'''
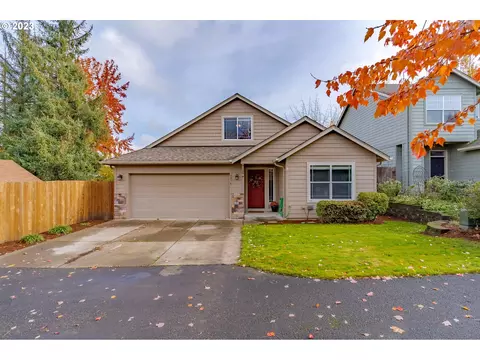 3218 Hulsey Ave SE, Salem, OR 97302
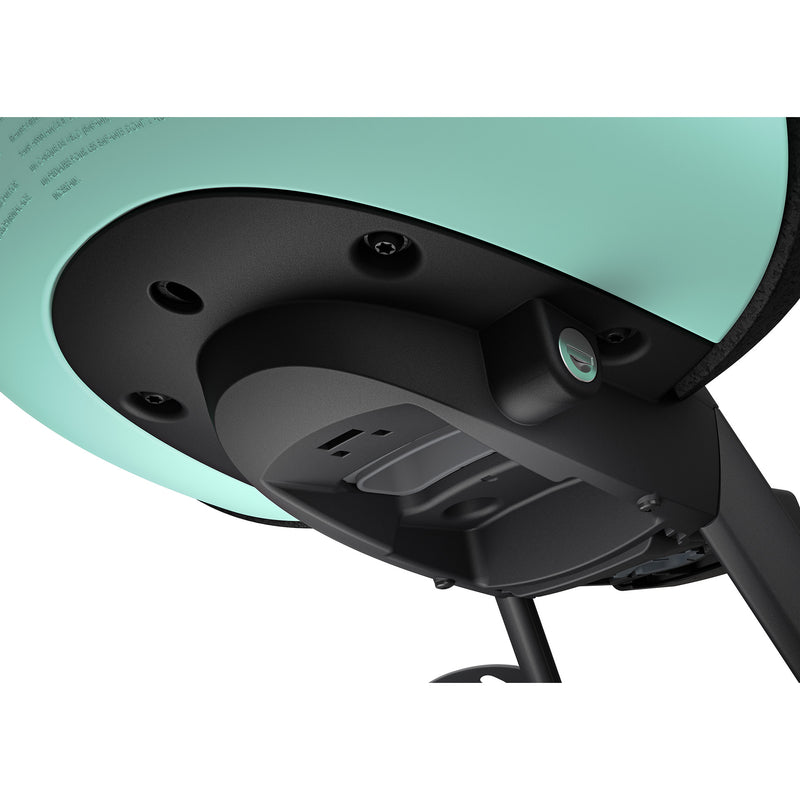Load image into Gallery viewer, Thule Voorzitje Nexxt 2 Mini mint
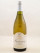 Charles Audoin - Marsannay blanc 2001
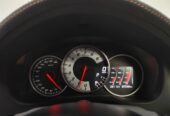 2017 Toyota 86 GT LTD/FACELIFT MODEL/REAR SPOILER/SPORTY LOOKIN/RARE FIND Coupe Automatic, Hot Lava Orange, 4 seats, Petrol, New Import, 2,000 cc, 97,206 km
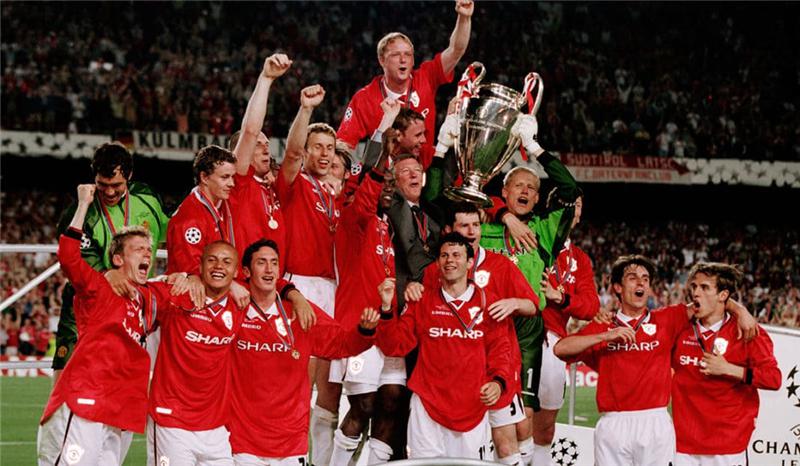 随着皇马在 随着皇马在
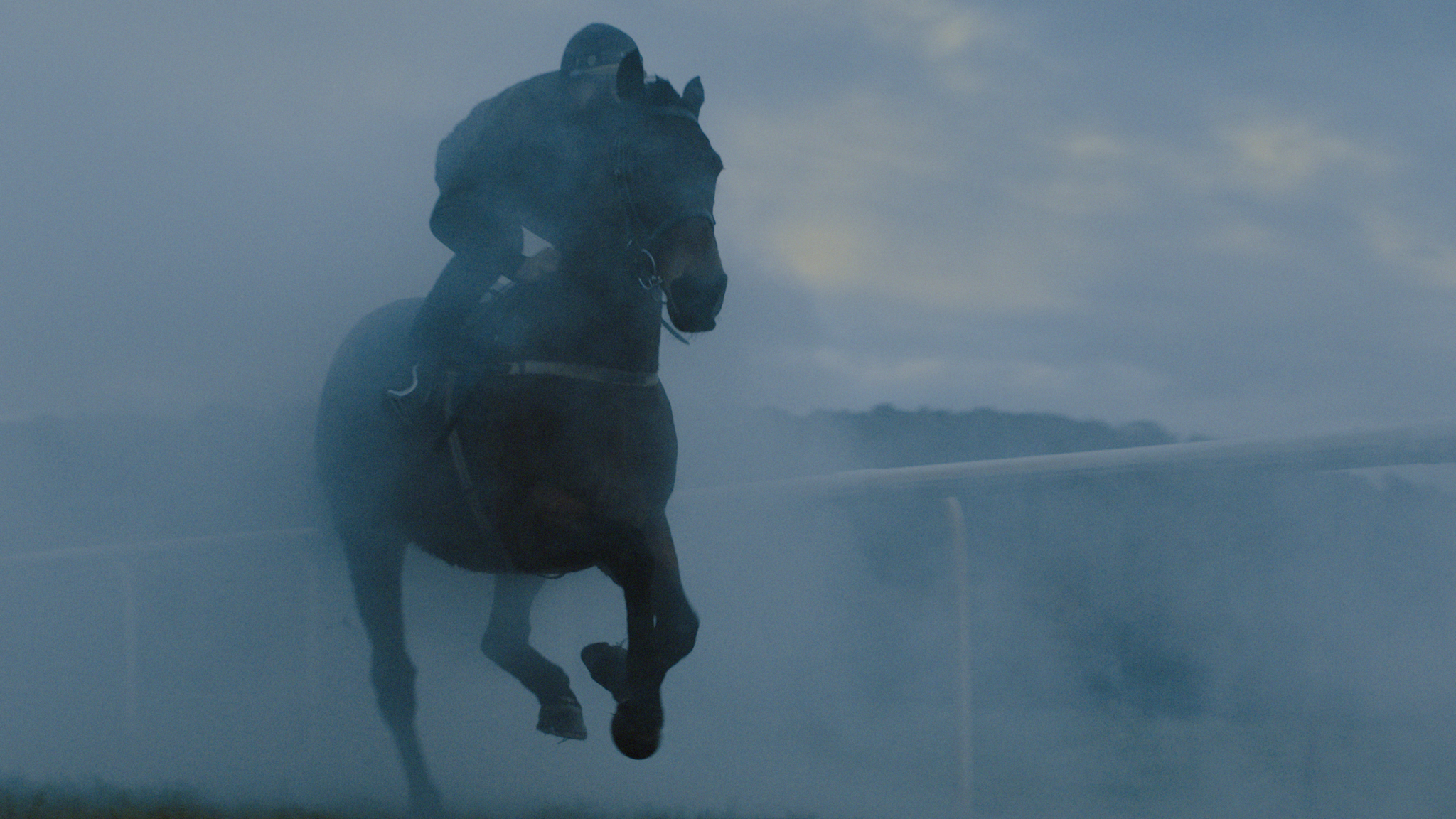 Ladbrokes targets the racing punter in newly launched TV campaign via BCM, Brisbane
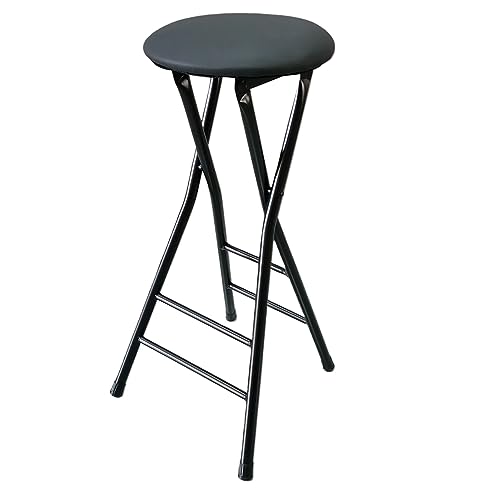 ܂ o[Xc[ |[^u Lb` ܂肽 nCXc[ wȂ o[`FA pCv  ܂肽݈֎q lp (Color : Black, Size : 70cm/28in)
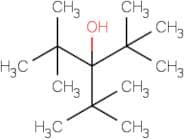 Tri-tert-butylmethanol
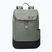 Градска раница Thule Lithos 16 l agave/black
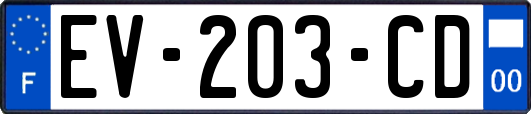 EV-203-CD
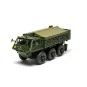 Alvis FV622 Stalwart Mk.2 1/35 model kit - Airfix A1381 - A1381 A1381-Alvis FV622 Stalwart Mk.2 1/35 model kit - Airfix A1381
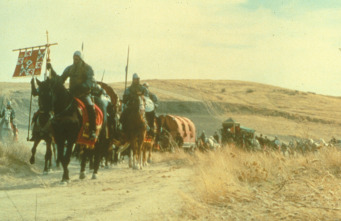 Imagen de Juana la Loca - 8
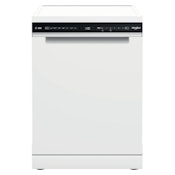 Whirlpool W7FHS51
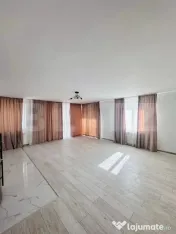 Apartament 3 camere, 75 mp, parcare, Zona Florilor 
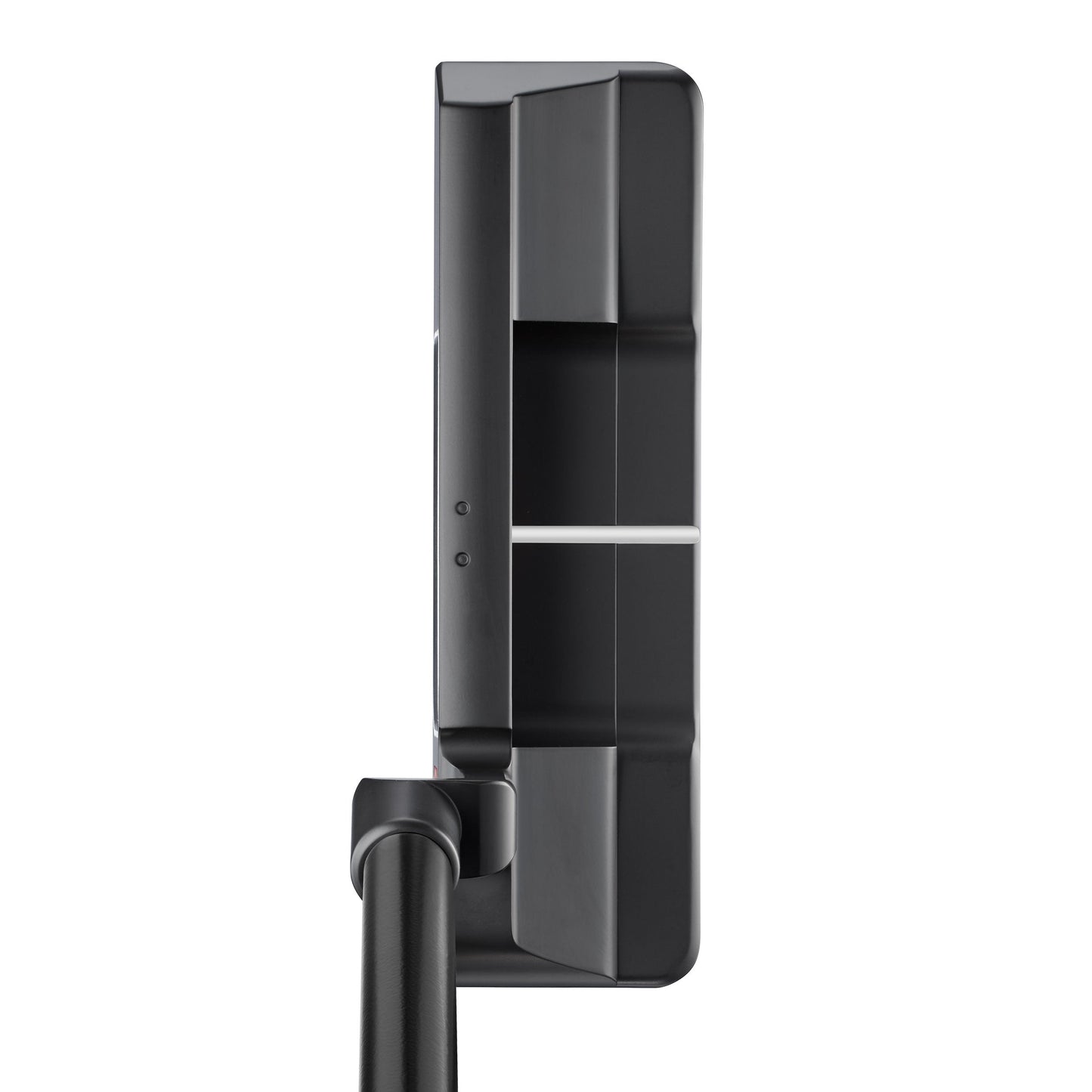 Evnroll Neo Classic 1.2 Black Golf Putter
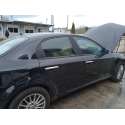 ALFA ROMEO 159 (939_)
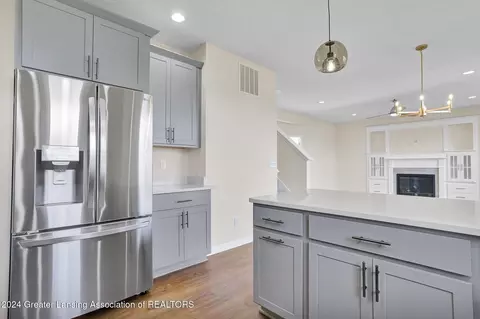 589 Titanium Trl, Haslett, MI 48840 photo 19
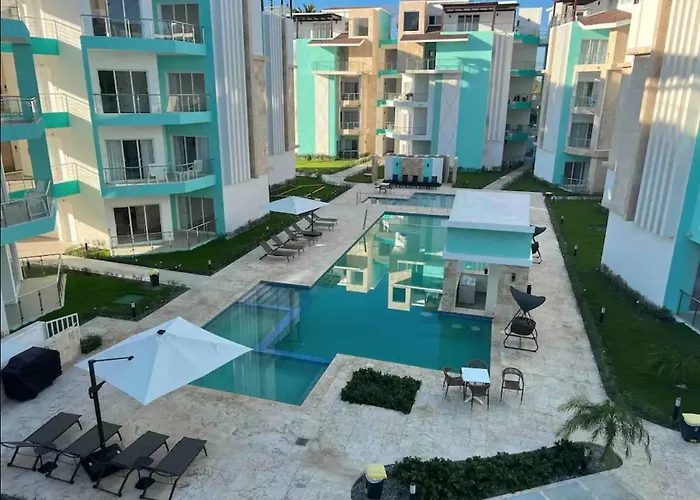 Maple Beach By Dr Collection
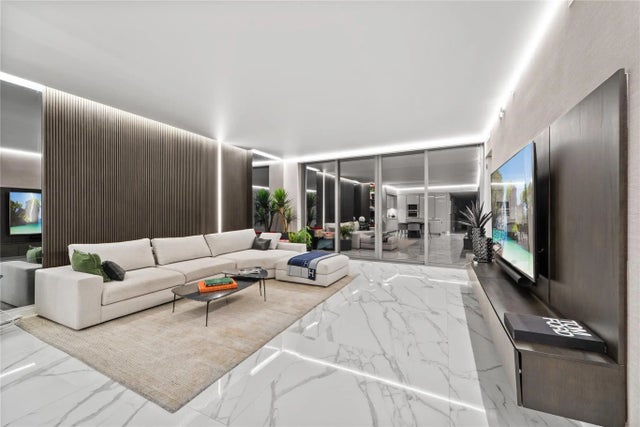 18975 Collins Avenue #3303, Sunny Isles Beach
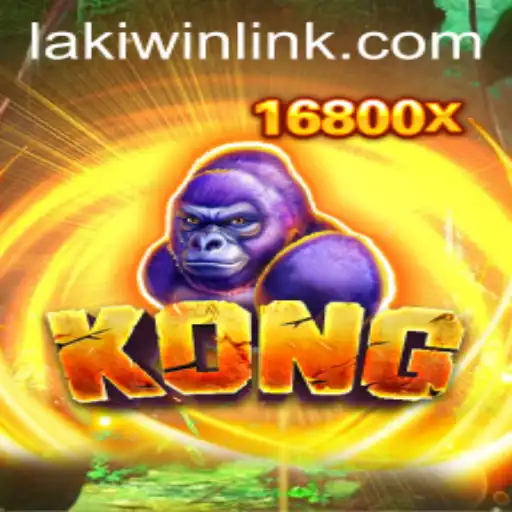 Exploring the World of Kong: An Adventure with Laki Win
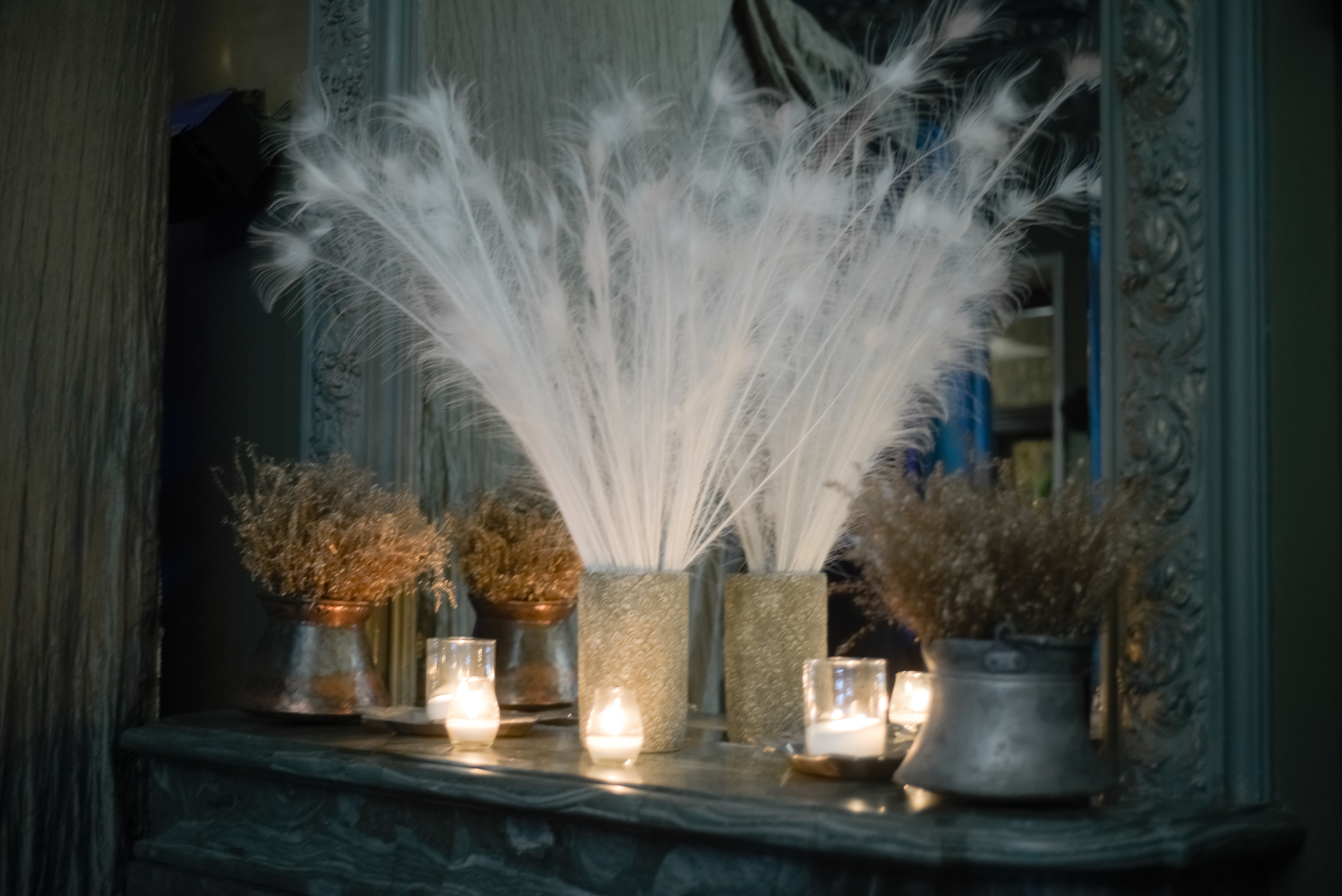 Report photographer Tbilisi. Lika Gomiashvili photography Georgia Tbilisi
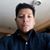 Allessandro Novoa's profile image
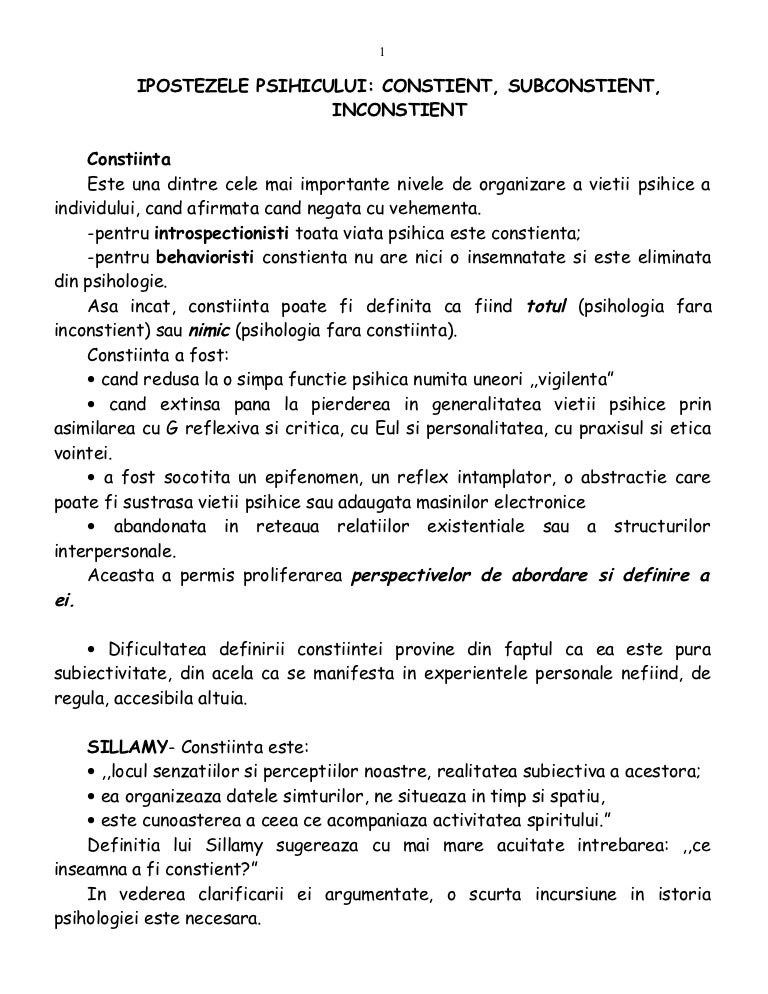 poliția de revoltă ce viziune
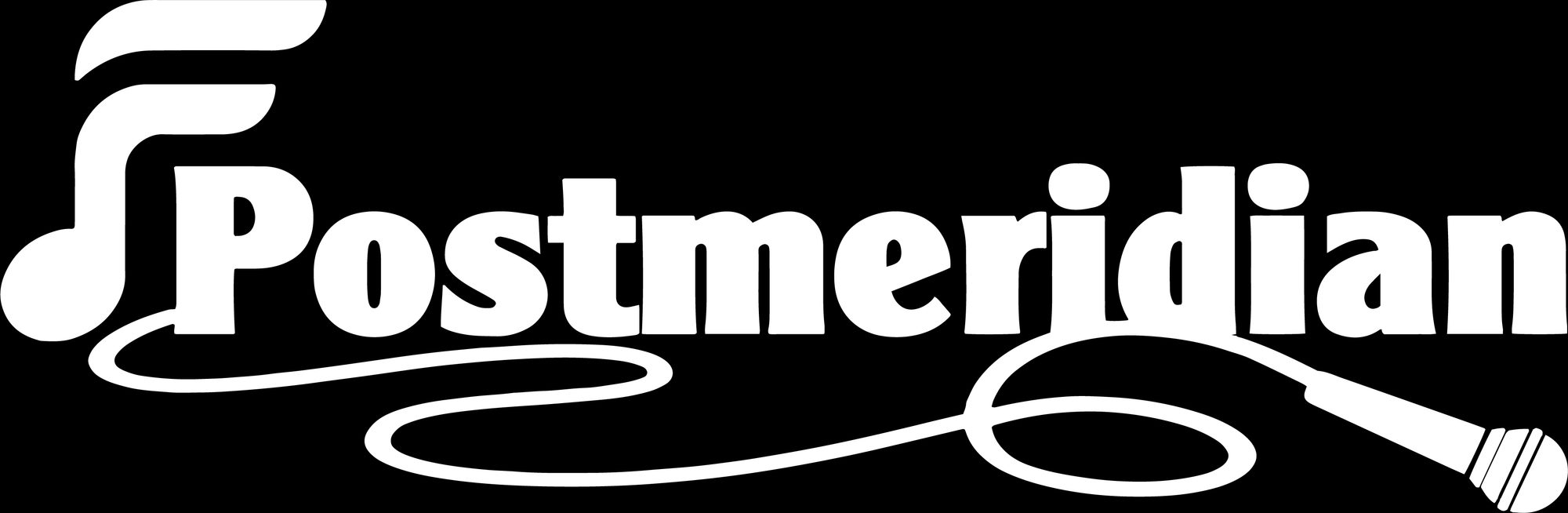 Formatia Postmeridian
'''
Your objective: Exact repeat, pictures omitted: give every line from the top of the records down to and including the line with "随着皇马在 随着皇马在".

Task output:
 3218 Hulsey Ave SE, Salem, OR 97302
Load image into Gallery viewer, Thule Voorzitje Nexxt 2 Mini mint
 Charles Audoin - Marsannay blanc 2001
 2017 Toyota 86 GT LTD/FACELIFT MODEL/REAR SPOILER/SPORTY LOOKIN/RARE FIND Coupe Automatic, Hot Lava Orange, 4 seats, Petrol, New Import, 2,000 cc, 97,206 km
 随着皇马在 随着皇马在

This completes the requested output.